Prompt
Your answer must match, word for word, the lines from the one holding "Medium Outdoor Heavy" through the final line below, with pictures excluded.

Short text fragments from websites
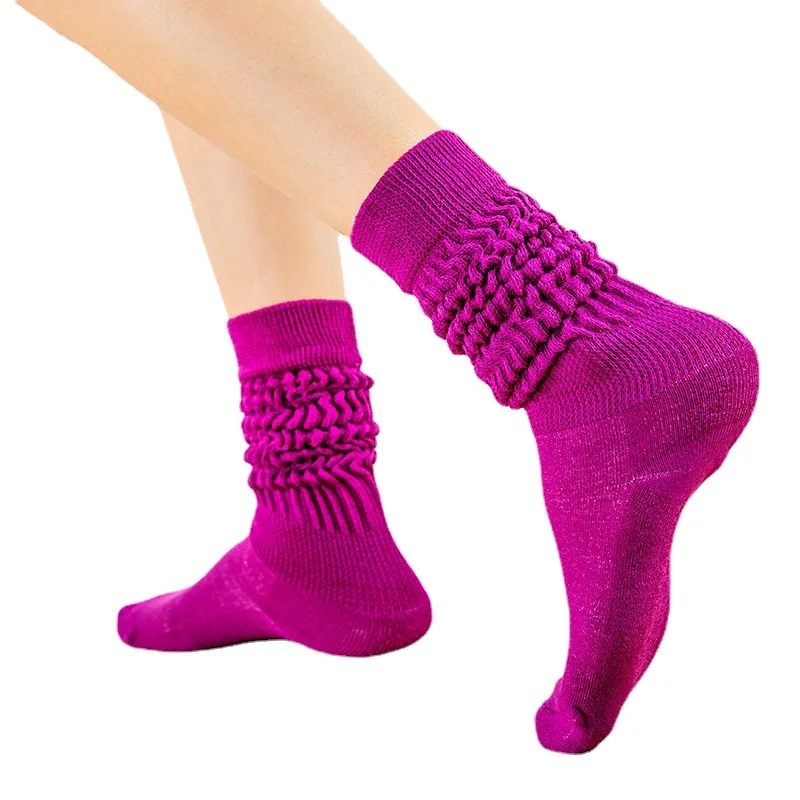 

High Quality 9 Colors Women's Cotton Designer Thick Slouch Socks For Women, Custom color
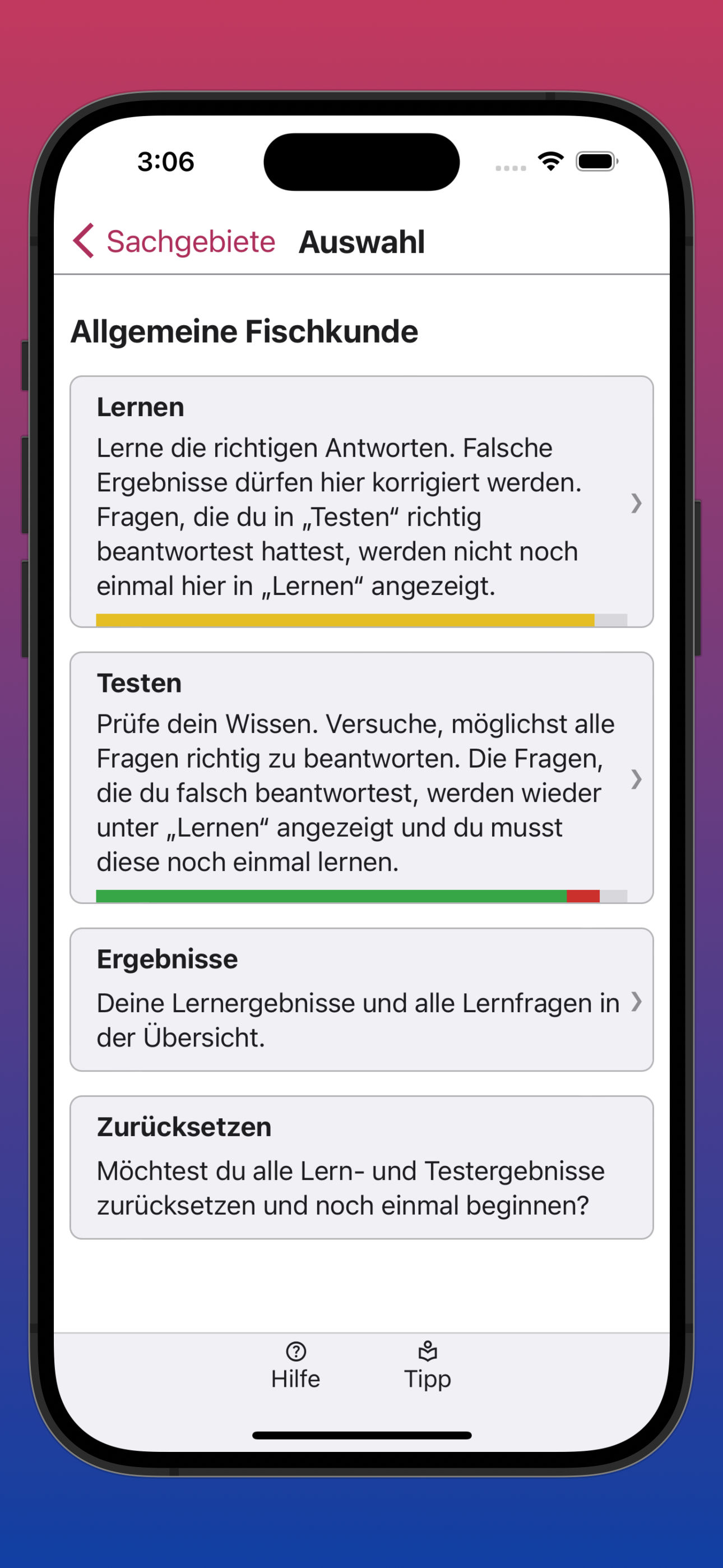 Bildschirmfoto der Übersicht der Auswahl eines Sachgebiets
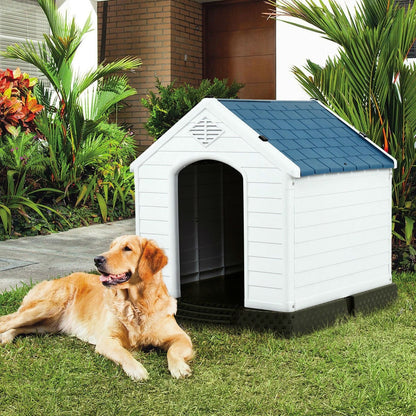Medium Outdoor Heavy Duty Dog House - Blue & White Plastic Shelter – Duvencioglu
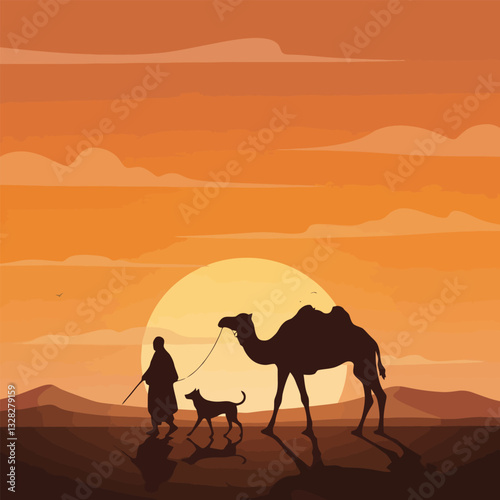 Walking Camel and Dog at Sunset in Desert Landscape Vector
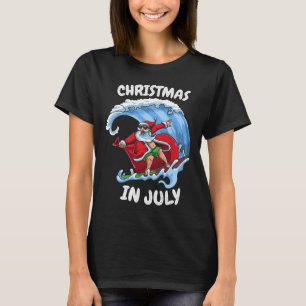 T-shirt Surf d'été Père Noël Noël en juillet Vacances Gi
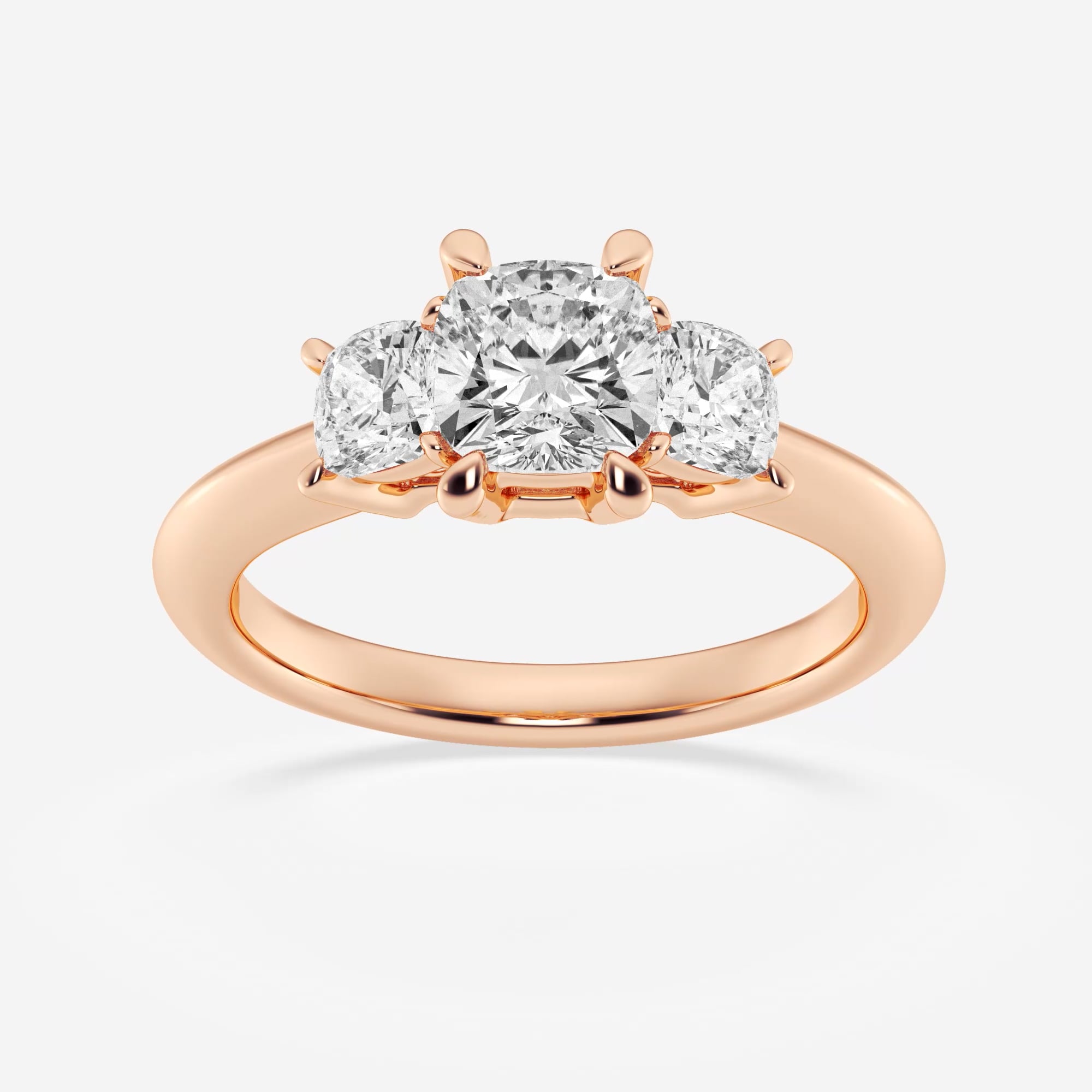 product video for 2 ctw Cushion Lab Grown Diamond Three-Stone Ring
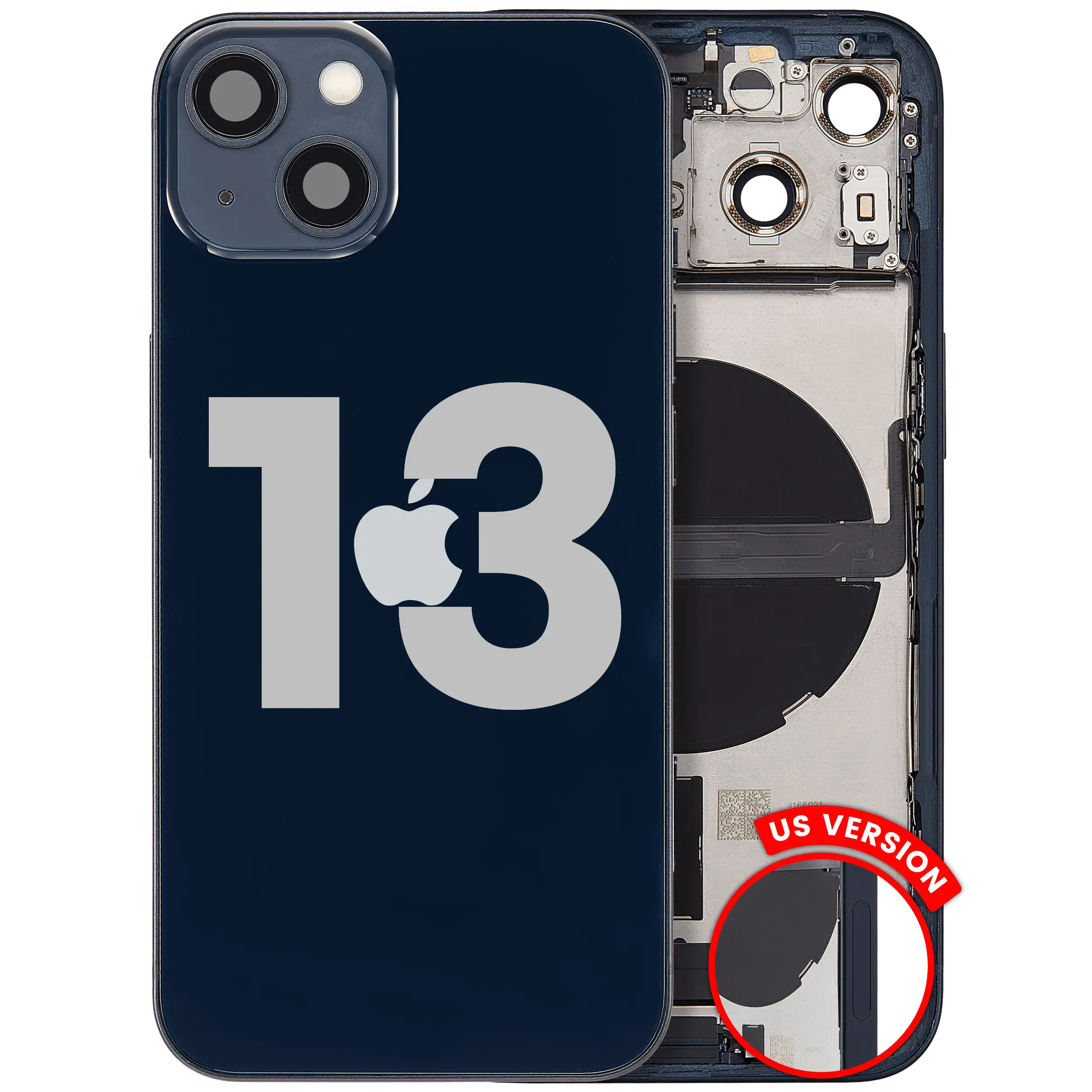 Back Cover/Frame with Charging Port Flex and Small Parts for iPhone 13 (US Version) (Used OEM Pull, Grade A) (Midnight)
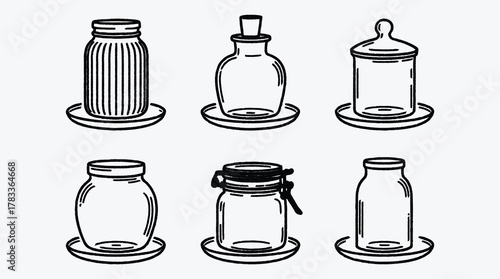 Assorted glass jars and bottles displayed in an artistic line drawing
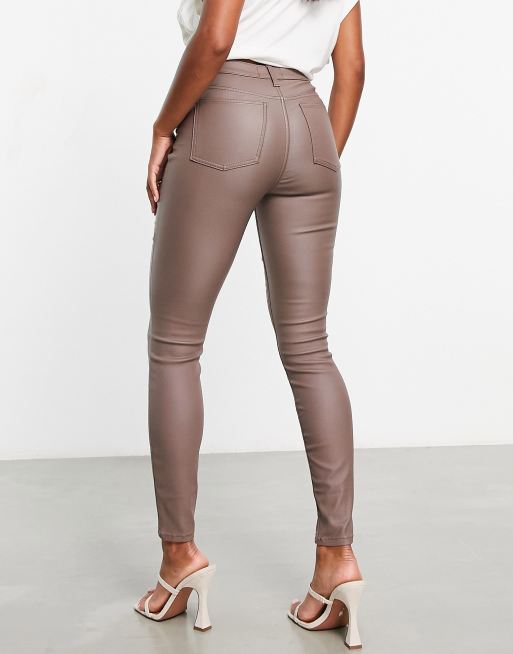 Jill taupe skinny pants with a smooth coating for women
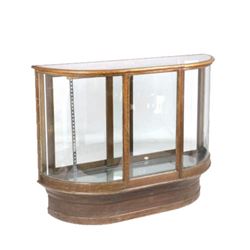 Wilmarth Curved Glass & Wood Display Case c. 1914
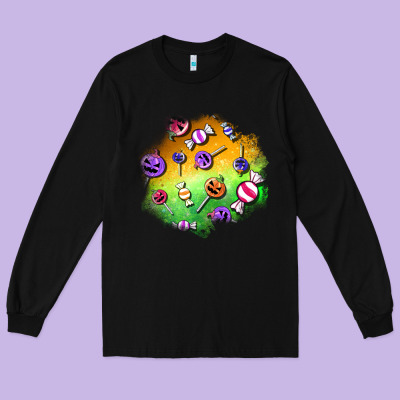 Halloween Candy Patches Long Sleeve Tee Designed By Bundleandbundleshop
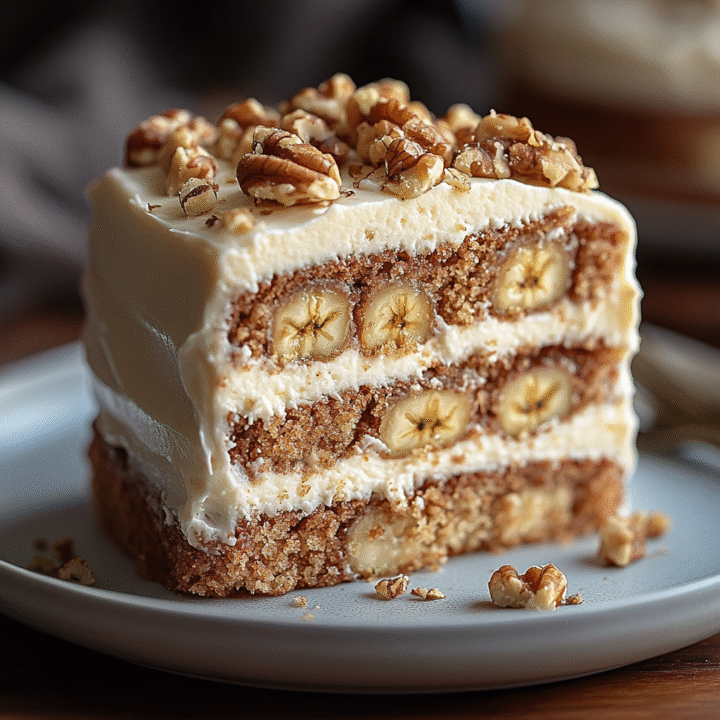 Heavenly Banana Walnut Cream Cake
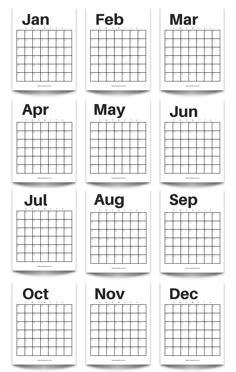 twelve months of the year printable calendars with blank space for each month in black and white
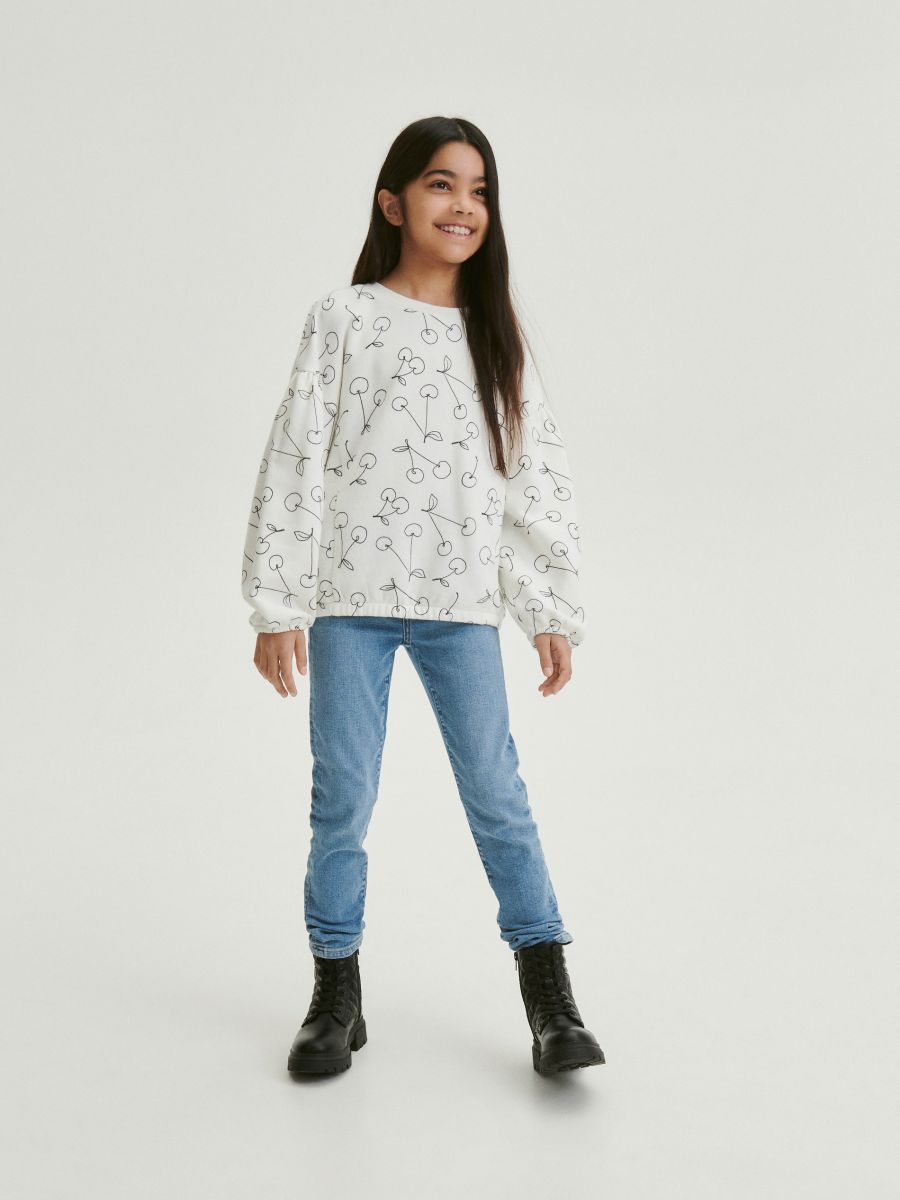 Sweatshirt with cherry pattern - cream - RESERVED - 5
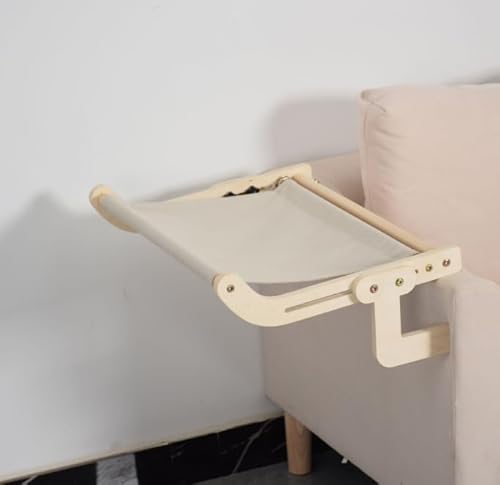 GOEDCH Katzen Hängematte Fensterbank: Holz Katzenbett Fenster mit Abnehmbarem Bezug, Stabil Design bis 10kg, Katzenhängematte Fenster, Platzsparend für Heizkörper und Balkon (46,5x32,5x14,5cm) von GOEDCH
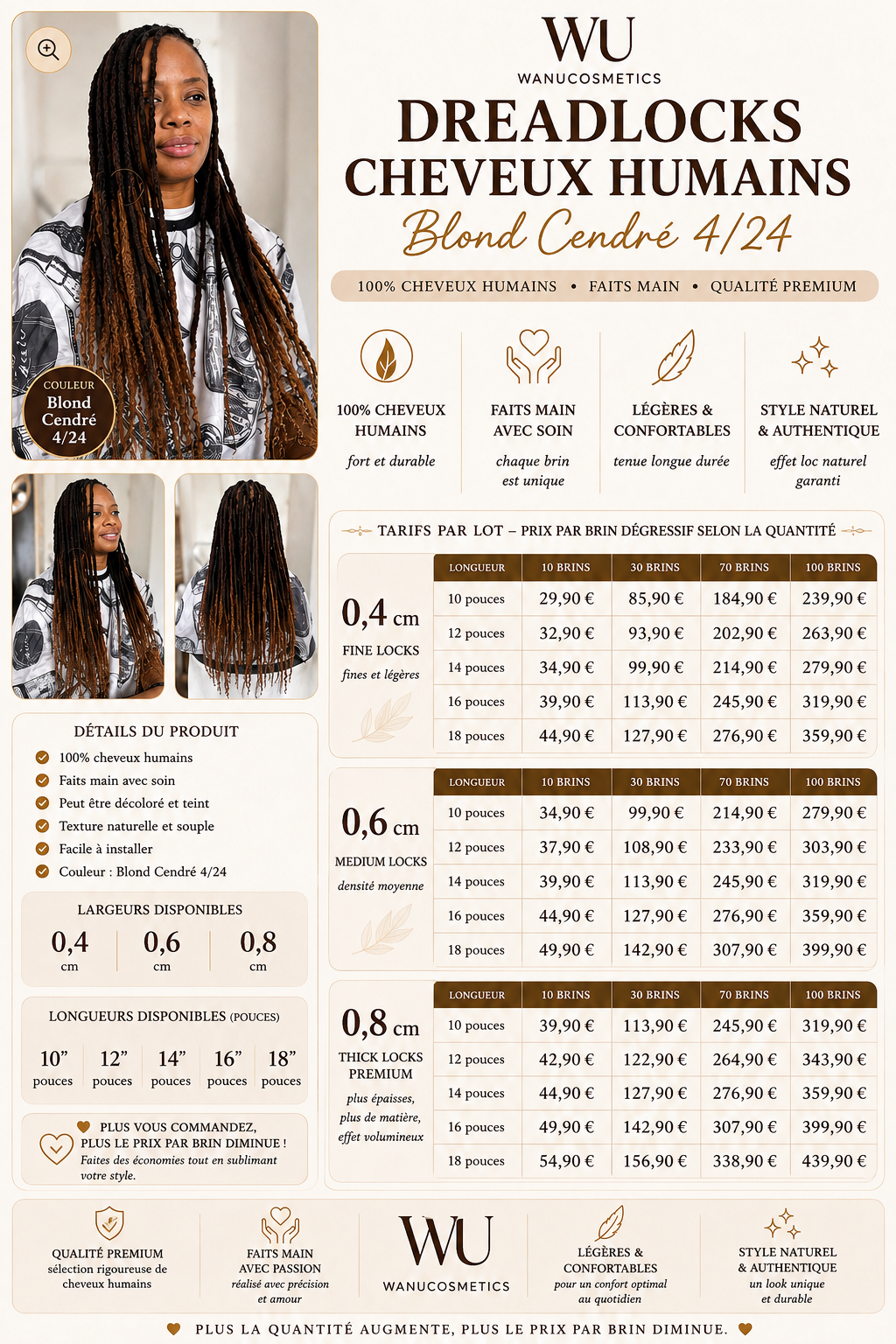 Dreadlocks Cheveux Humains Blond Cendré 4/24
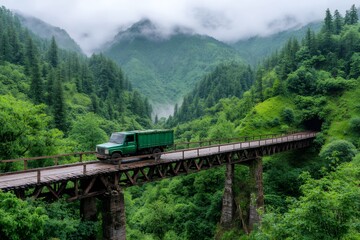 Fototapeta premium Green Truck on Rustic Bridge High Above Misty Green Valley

Exercise answer
Medium Outdoor Heavy Duty Dog House - Blue & White Plastic Shelter – Duvencioglu
 Walking Camel and Dog at Sunset in Desert Landscape Vector
 T-shirt Surf d'été Père Noël Noël en juillet Vacances Gi
 product video for 2 ctw Cushion Lab Grown Diamond Three-Stone Ring
 Back Cover/Frame with Charging Port Flex and Small Parts for iPhone 13 (US Version) (Used OEM Pull, Grade A) (Midnight)
 Assorted glass jars and bottles displayed in an artistic line drawing
 Jill taupe skinny pants with a smooth coating for women
 Wilmarth Curved Glass & Wood Display Case c. 1914
 Halloween Candy Patches Long Sleeve Tee Designed By Bundleandbundleshop
 Heavenly Banana Walnut Cream Cake
 twelve months of the year printable calendars with blank space for each month in black and white
 Sweatshirt with cherry pattern - cream - RESERVED - 5
 GOEDCH Katzen Hängematte Fensterbank: Holz Katzenbett Fenster mit Abnehmbarem Bezug, Stabil Design bis 10kg, Katzenhängematte Fenster, Platzsparend für Heizkörper und Balkon (46,5x32,5x14,5cm) von GOEDCH
 Dreadlocks Cheveux Humains Blond Cendré 4/24
 Fototapeta premium Green Truck on Rustic Bridge High Above Misty Green Valley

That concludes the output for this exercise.